X11: How does “the” clipboard work?

If you have used another operating system before you switched to something that runs X11, you will have noticed that there is more than one clipboard:

Those two clipboards usually don’t interfere. You can keep the content of the “Ctrl+C clipboard” while using the “middle mouse clipboard” to copy and paste something else.

How does that work? Is there more than one clipboard? How many are there? Do all X11 clients support all forms of clipboards?

Here’s the approriate section of ICCCM on this topic.

Selections as a form of IPC

First things first, in X11 land, “clipboards” are called “selections”.

Yes, there is more than one selection and they all work independently. In fact, you can use as many selections as you wish. In theory, that is. When using selections, you make different clients communicate with each other. This means that those clients have to agree on which selections to use. You can’t just invent your own selection and then expect Firefox to be compatible with it.

Looking at it from a very high altitude, it goes like this:

Client A                    X Server                    Client B
----------------------------------------------------------------

(1) |  I own selection FOO!    |
    |  ------------------->    |


                               |  Write sel. FOO to BAR!  | (2)
                               |  <---------------------  |


    | Write sel.
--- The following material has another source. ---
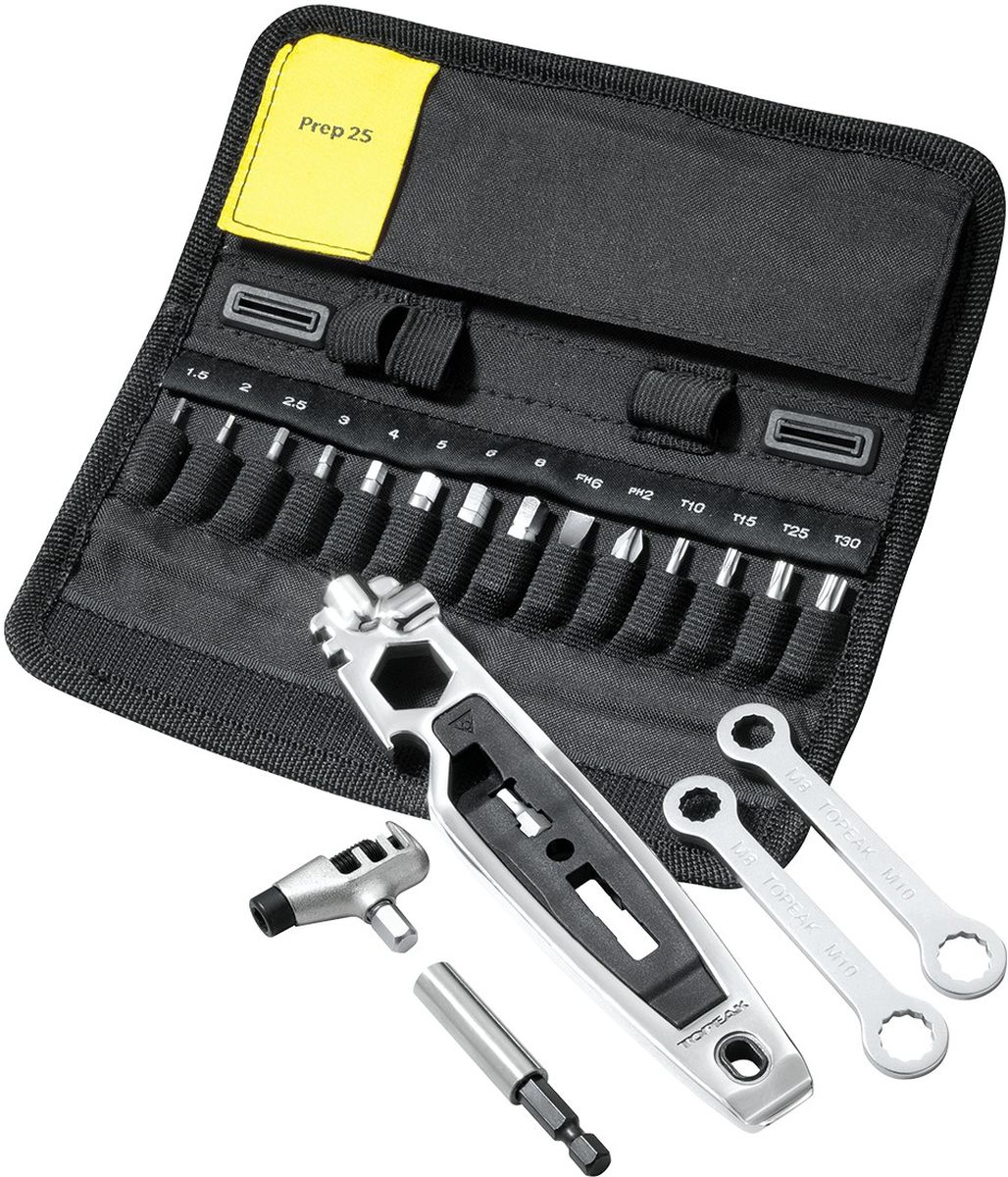 Набор инструментов TOPEAK Prep 25, в кейсе, 28 функцийTT2553 Набор инструментов TOPEAK Prep 25, в кейсе, 28 функцийTT2553Универсальный набор инструментов для домашнего ремонта велосипеда. 28 функций. Компактный нейлоновый кейс. Крепление на велосипед. Набор включает многофункциональную выжимку цепи. Количество инструментов (функций) - 28. Шестигранники - 1.5/2/2.5/3/4/5/6/8мм. Torx® - T10/T15/T25/T30. Спицевые ключи - 14 г/15 г. Отдельный набор для ремонта цепи из Cr-Mo стали. Монтажки 1х металлическая, 1х пластиковая. Отвертки - Phillips (крестовая) и плоская. Открывашка для бутылок из Cro-Mo стали. Многофункциональная выжимка цепи.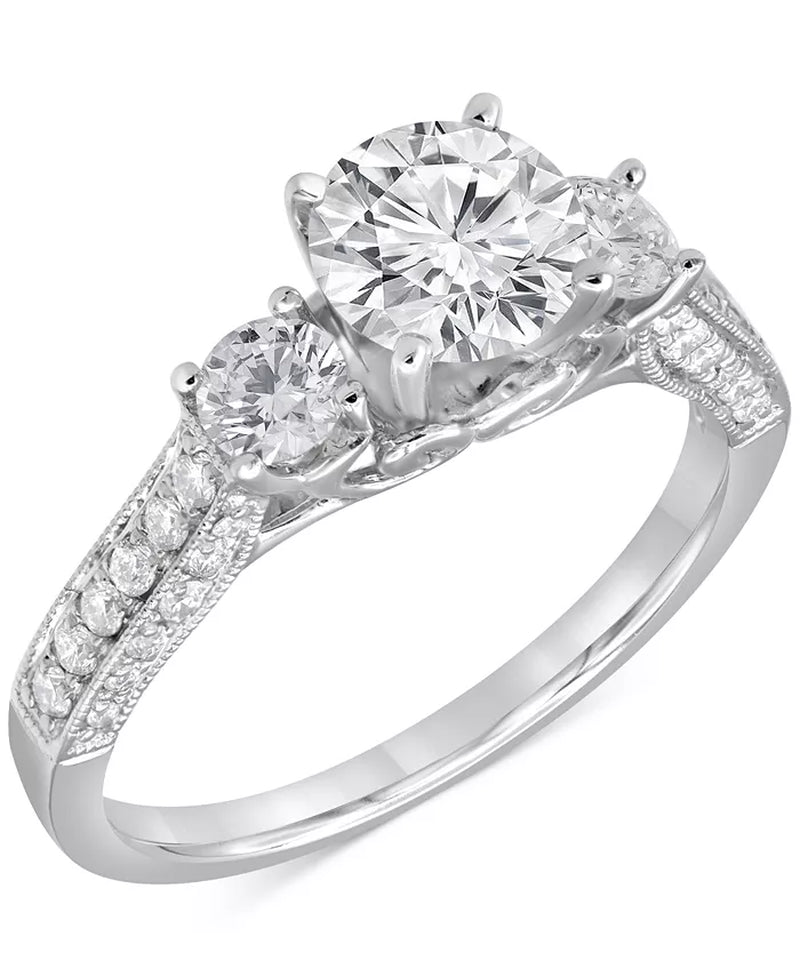 Stunning 1-3/4 Ct. T.W. Diamond Three Stone Engagement Ring in Elegant 14K White Gold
FOO to BAR!   |
    | <---------------------   |


    |     Here is FOO.
    | -------------------------:----------------------->  |


                                     Okay, got it.        |
    | <------------------------:------------------------  |

(1) means every client can claim ownership of any selection at any time. It only informs the X server about that – no data is transferred yet. This is an important thing to understand. The X server is nothing more but a broker. It takes a note of which client owns which selection.

In (2), another client asks the X server to send it the content of selection “FOO”. The X server simply relays that request to the current owner of that selection. Client A is then responsible for actually transmitting the data to client B.

How are selections identified?

Above, I just called it “selection FOO”, meaning it’s a rather arbitrary identifier that you can choose. If you have worked with X11 before, this won’t be surprising to you: Selections are identified by atoms.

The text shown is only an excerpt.